FAILED:  org.apache.solr.cloud.TestPullReplica.testKillPullReplica

FAILED:  
org.apache.solr.cloud.SplitShardWithNodeRoleTest.testSolrClusterWithNodeRoleWithPull

FAILED:  org.apache.solr.cloud.TestPullReplica.testAddDocs

 

 
{code:java}
com.carrotsearch.randomizedtesting.UncaughtExceptionError: Captured an uncaught 
exception in thread: Thread[id=10271, name=fsyncService-6341-thread-1, 
state=RUNNABLE, group=TGRP-SplitShardWithNodeRoleTest]
        at 
__randomizedtesting.SeedInfo.seed([3F7DACB3BC44C3C4:E5DB3E97188A8EB9]:0)
Caused by: org.apache.lucene.store.AlreadyClosedException: this Directory is 
closed
        at __randomizedtesting.SeedInfo.seed([3F7DACB3BC44C3C4]:0)
        at 
app//org.apache.lucene.store.BaseDirectory.ensureOpen(BaseDirectory.java:50)
        at 
app//org.apache.lucene.store.ByteBuffersDirectory.sync(ByteBuffersDirectory.java:237)
        at 
app//org.apache.lucene.tests.store.MockDirectoryWrapper.sync(MockDirectoryWrapper.java:214)
        at 
app//org.apache.solr.handler.IndexFetcher$DirectoryFile.sync(IndexFetcher.java:2034)
        at 
app//org.apache.solr.handler.IndexFetcher$FileFetcher.lambda$fetch$0(IndexFetcher.java:1803)
        at 
app//org.apache.solr.common.util.ExecutorUtil$MDCAwareThreadPoolExecutor.lambda$execute$1(ExecutorUtil.java:449)
        at 
[email protected]/java.util.concurrent.ThreadPoolExecutor.runWorker(ThreadPoolExecutor.java:1128)
        at 
[email protected]/java.util.concurrent.ThreadPoolExecutor$Worker.run(ThreadPoolExecutor.java:628)
        at [email protected]/java.lang.Thread.run(Thread.java:829)

 {code}
 
Interesting thing about these test cases is that they all share same kind of 
setup where each has one shard and two replicas – one NRT and another is PULL.
 
Going through one of the test case execution step.
FAILED:  org.apache.solr.cloud.TestPullReplica.testKillPullReplica
 
Test flow
1. Create a collection with 1 NRT and 1 PULL replica
2. waitForState
3. waitForNumDocsInAllActiveReplicas(0); // *Name says it all*
4. Index another document.
5. waitForNumDocsInAllActiveReplicas(1);
6. Stop Pull replica
7. Index another document
8. waitForNumDocsInAllActiveReplicas(2);
9. Start Pull Replica
10. waitForState
11. waitForNumDocsInAllActiveReplicas(2);
 
As per the logs the whole sequence executed successfully.
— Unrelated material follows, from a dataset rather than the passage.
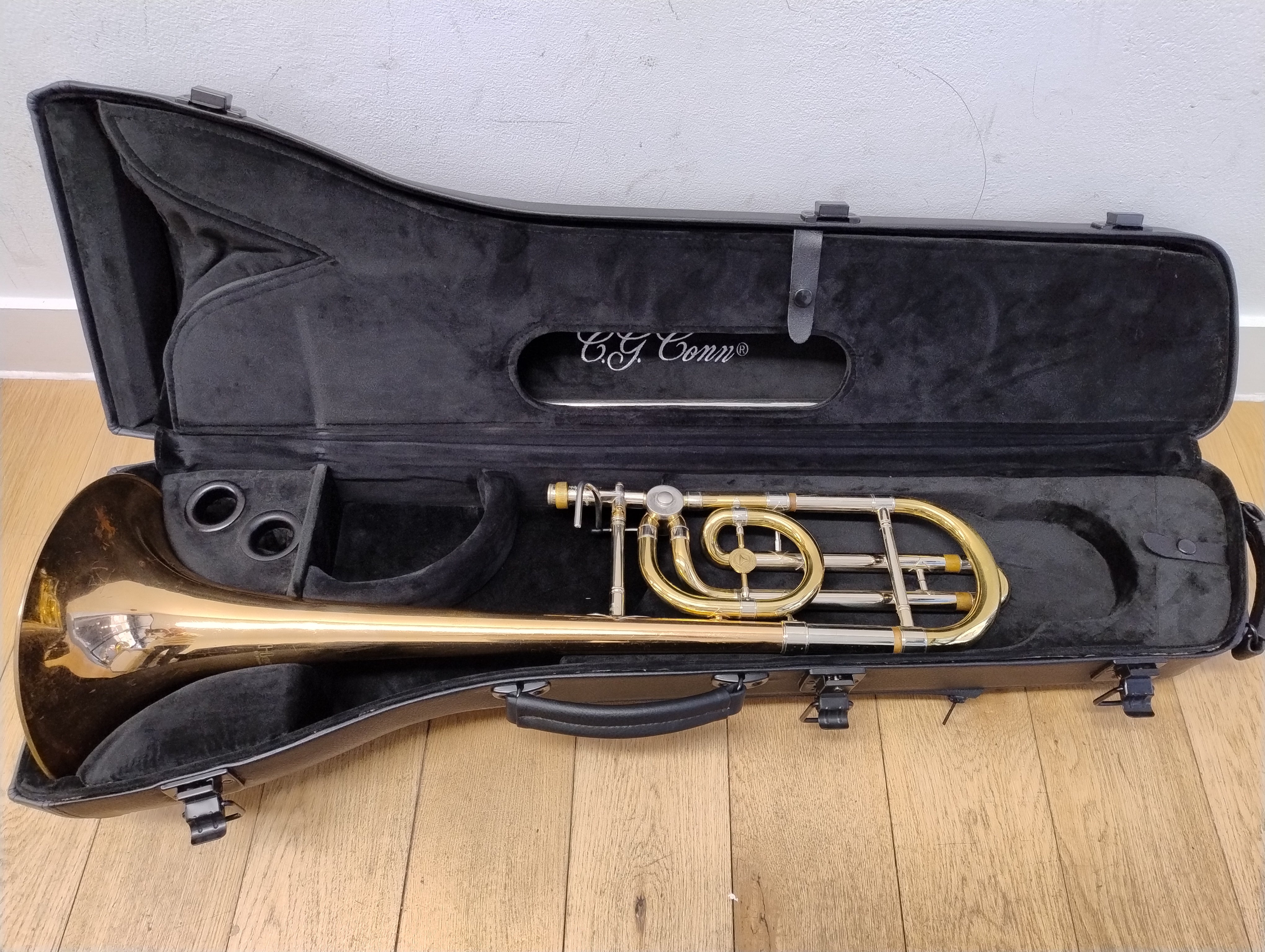 Holton TR158 Bb/F Trombone  (Pre-owned)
Here is the link to 
the logs: 
[https://ge.apache.org/s/yxydiox3gvlf2/tests/task/:solr:core:test/details/org.apache.solr.cloud.TestPullReplica/testKillPullReplica/1/output]
 (link may stop working in the future)
 
Last step where they are making sure that all the active replicas should have 
two documents each has logged a info which is another proof that it completed 
successfully. 
 
{code:java}
616575 INFO (TEST-TestPullReplica.testKillPullReplica-seed#[F30CC837FDD0DC28]) 
[n: c: s: r: x: t:] o.a.s.c.TestPullReplica Replica core_node3 
(https://127.0.0.1:35647/solr/pull_replica_test_kill_pull_replica_shard1_replica_n1/)
 has all 2 docs 616606 INFO (qtp1091538342-13057-null-11348) 
[n:127.0.0.1:38207_solr c:pull_replica_test_kill_pull_replica s:shard1 
r:core_node4 x:pull_replica_test_kill_pull_replica_shard1_replica_p2 
t:null-11348] o.a.s.c.S.Request webapp=/solr path=/select 
params={q=*:*&wt=javabin&version=2} rid=null-11348 hits=2 status=0 QTime=0 
616607 INFO (TEST-TestPullReplica.testKillPullReplica-seed#[F30CC837FDD0DC28]) 
[n: c: s: r: x: t:] o.a.s.c.TestPullReplica Replica core_node4 
(https://127.0.0.1:38207/solr/pull_replica_test_kill_pull_replica_shard1_replica_p2/)
 has all 2 docs{code}
 

*Where is the issue then?*

In the logs it has been observed, that after restarting the PULL replica. The 
recovery process started and after fetching all the files info from the NRT, 
the replication aborted and logged "User aborted replication"

 
{code:java}
o.a.s.h.IndexFetcher User aborted Replication => 
org.apache.solr.handler.IndexFetcher$ReplicationHandlerException: User aborted 
replication at 
org.apache.solr.handler.IndexFetcher$FileFetcher.fetchPackets(IndexFetcher.java:1826)
 org.apache.solr.handler.IndexFetcher$ReplicationHandlerException: User aborted 
replication{code}
 

Inside IndexFetcher once it's aborted, It performs cleanup() operation which do 
the closeup and delete the resource only if the operation is aborted.
{code:java}
private void cleanup() {
 try {
  file.close();
 } catch (Exception e) {
 /* no-op */
 log.error("Error closing file: {}", this.saveAs, e);
 }
 if (bytesDownloaded != size) {
 // if the download is not complete then
 // delete the file being downloaded
 try {
  file.delete();
 } catch (Exception e) {
  log.error("Error deleting file: {}", this.saveAs, e);
 }
 // if the failure is due to a user abort it is returned normally else an    
exception is thrown
 if (!aborted)
  throw new SolrException(SolrException.ErrorCode.SERVER_ERROR, "Unable to 
download " + fileName + " completely. Downloaded " + bytesDownloaded + "!=" + 
size);
 }
}{code}
After which a sync operation is performed in a thread, and that's where it 
fails.
{code:java}
fsyncService.execute(
 () -> {
   try {
     file.sync();
   } catch (IOException e) {
      fsyncException = e;
   }
});{code}
Now two things:

1. Why would replication is aborted in the first place? And who executes it?

2. Should sync not be performed when the replication is aborted?

 

  was:
Recently, a common exception (org.apache.lucene.store.AlreadyClosedException: 
this Directory is closed) seen in multiple failed test cases. 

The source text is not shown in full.